Leere Mitte

Die Umgehungsstraße um Staufen herum wird gerade gebaut, der Kreisel im Süden ist schon fertig, in der Mitte sieht man breit und platt eine Aufschüttung wie ein Hügelgrab, und dahinter zittert wie eine Fata morgana etwas von Staufen, und der Schlossberg ist richtig klein.

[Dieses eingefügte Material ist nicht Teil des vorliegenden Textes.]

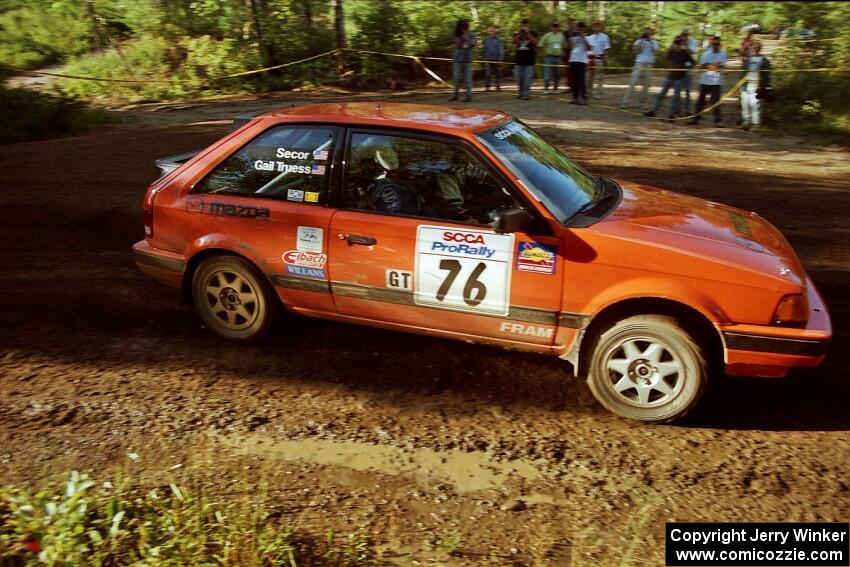 Gail Truess / Jeff Secor Mazda 323GTX powers out of a sharp left-hander on SS13 (Steamboat).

Der Kreisel ist viel größer, als er sein müsste, die Straßen sind heute riesenhaft, aber der Autos sind viele, und groß sind sie, und helft der armen Automobilindustrie!

DSCN3384Sündige Menschen halten es für ganz okay, in blütenweißen Limousinen umherzugondeln, und sie umkreisen im Kreisverkehr mal wieder eine leere Mitte, die sich wie ein Symbol für die Konsumgesellschaft ausnimmt: Mitten drin ist es leer. Doch oft, sah ich heute, bepflanzt man die zu umkreisende Mitte so hoch, dass man ein Hügelein zu umkresen hat; die leere Mitte wölbt sich hoch und zerstört jegliche Orientierung. Manchmal auch setzt man ein Stadtwappen drauf oder eine misslungene Skulptur. 1944 hat Theodor W. Adorno über amerikanische Straßen geschrieben:

Diese sind allemal unvermittelt in die Landschaft gesprengt, und je glatter und breiter sie gelungen sind, um so beziehungsloser und gewalttätiger steht ihre schimmernde Bahn gegen die allzu wild verwachsene Umgebung.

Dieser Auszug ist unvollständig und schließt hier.